Web page caption snippets

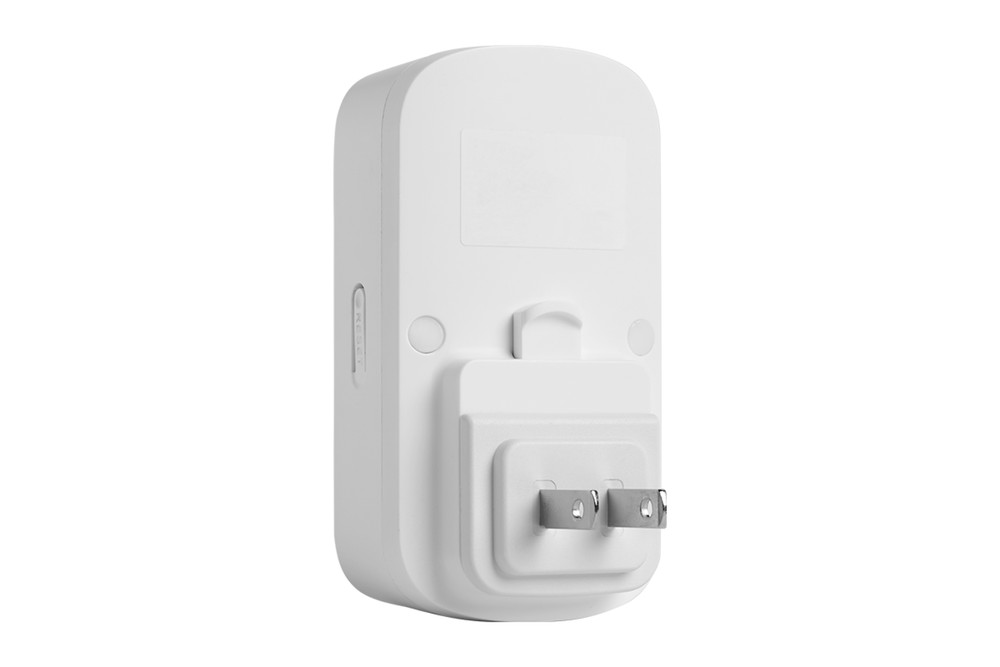 Lorex Wi-Fi Chimebox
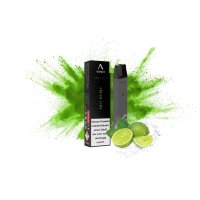 Adalya Vape | Fresh Lime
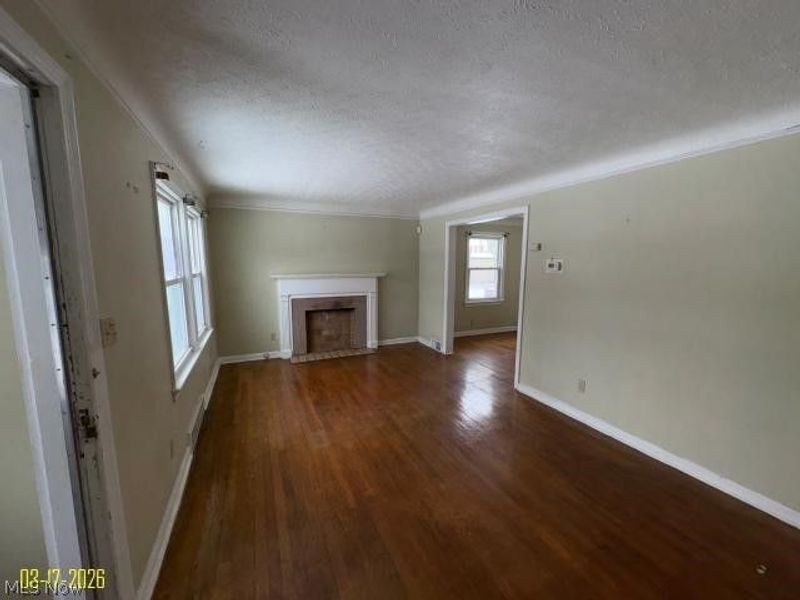 3427 Ashby Road, Cleveland, OH 44120 Photo 13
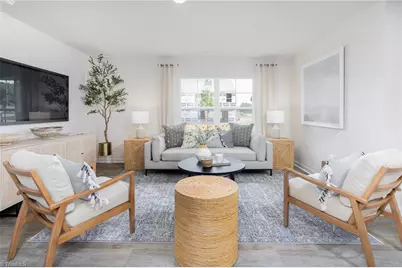 218 Prominent Drive, Lexington, NC 27292 - Photo 13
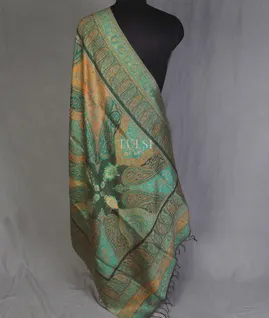 green-kashmir-kani-silk-dupatta-t581234-1-t581234-1-b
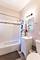 1913 S Troy, Chicago, IL 60623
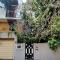 LUMBINI home stay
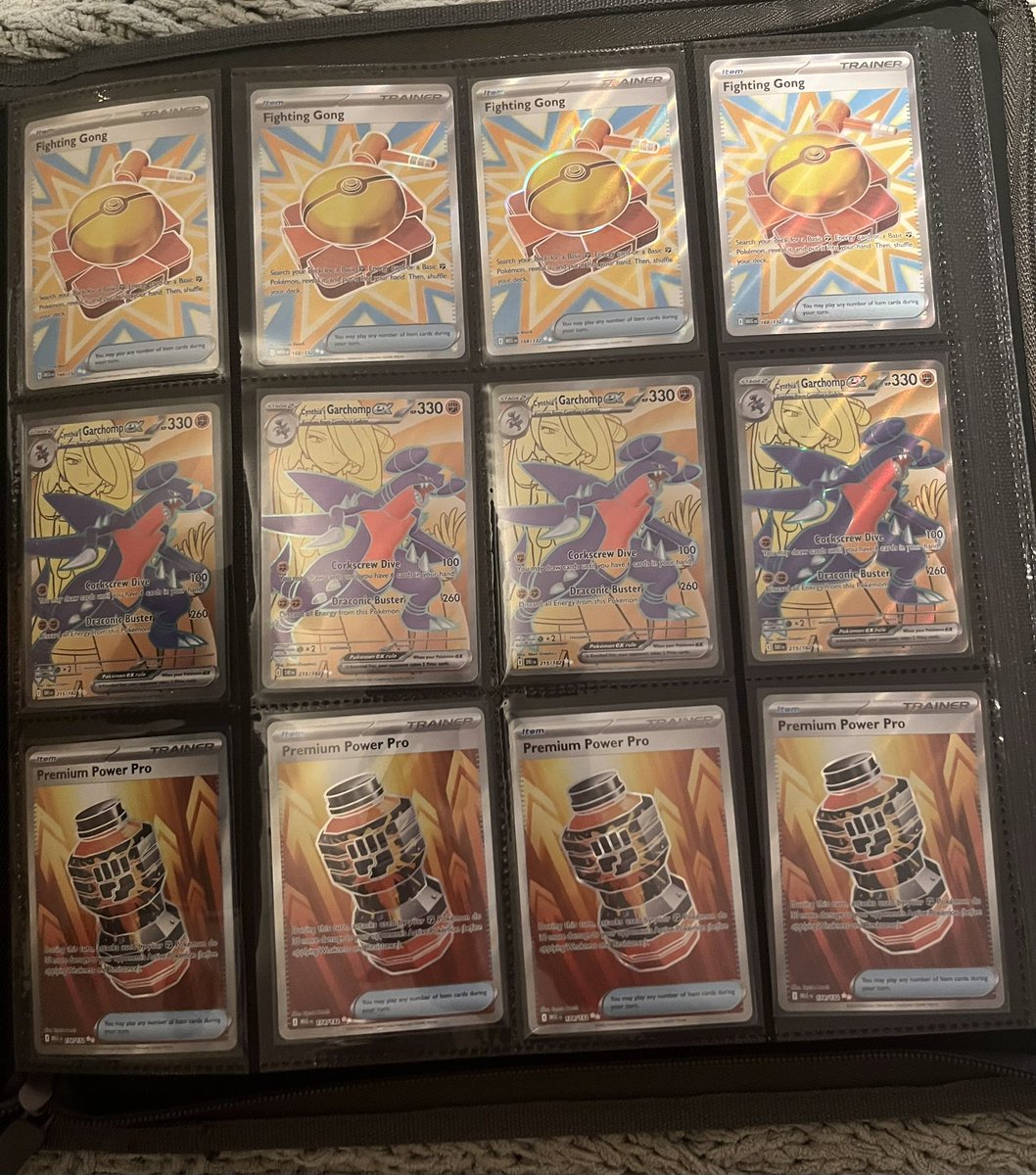 Koopa 🐢 tweet media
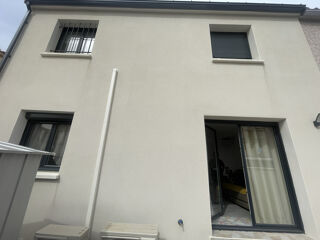  Maison à vendre 5 pièces 78 m²
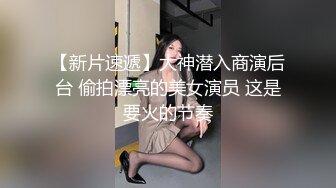 砲房打砲，多花样姿势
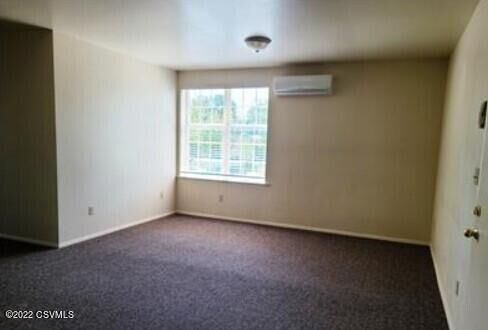 Property Photo: 27 S 5th Street PA 17837
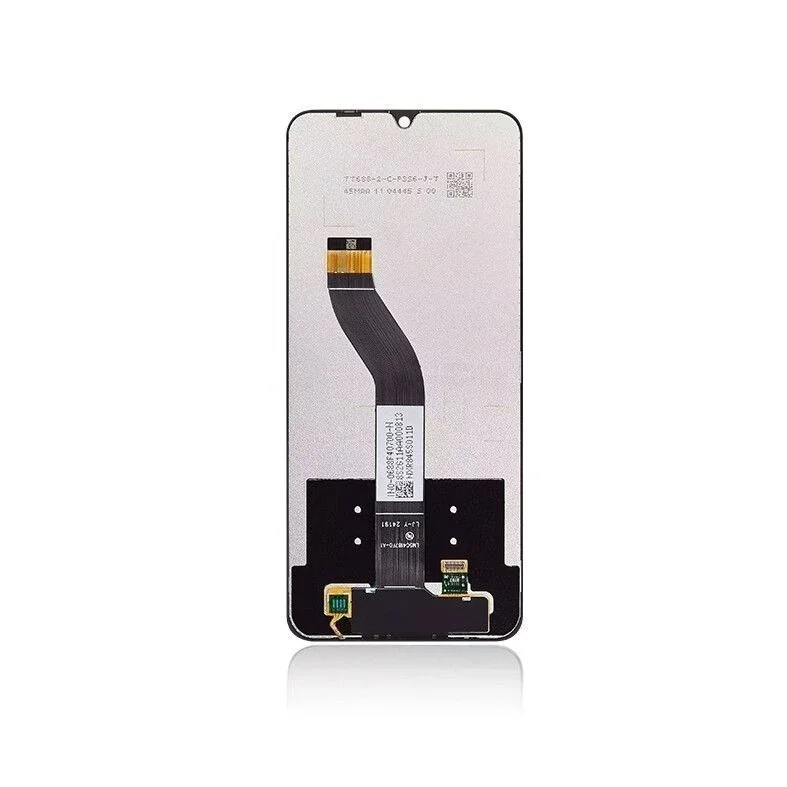 MODULO XIAOMI REDMI 14C / POCO C75 (XL-F) (VERIFICAR COMPATIBILIDAD) - 2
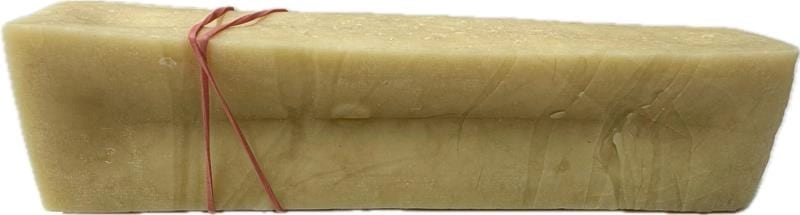 Yeti Coconut Flavor Cheese Dog Chew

- **Work to complete**
Reproduce the data above exactly, but only the lines from the one showing "green-kashmir-kani-silk-dupatta-t581234-1-t581234-1-b" through the one showing "Property Photo: 27 S 5th Street PA 17837", with both ends kept and the pictures left out.

- **Result of the task**
 green-kashmir-kani-silk-dupatta-t581234-1-t581234-1-b
 1913 S Troy, Chicago, IL 60623
 LUMBINI home stay
 Koopa 🐢 tweet media
  Maison à vendre 5 pièces 78 m²
 砲房打砲，多花样姿势
 Property Photo: 27 S 5th Street PA 17837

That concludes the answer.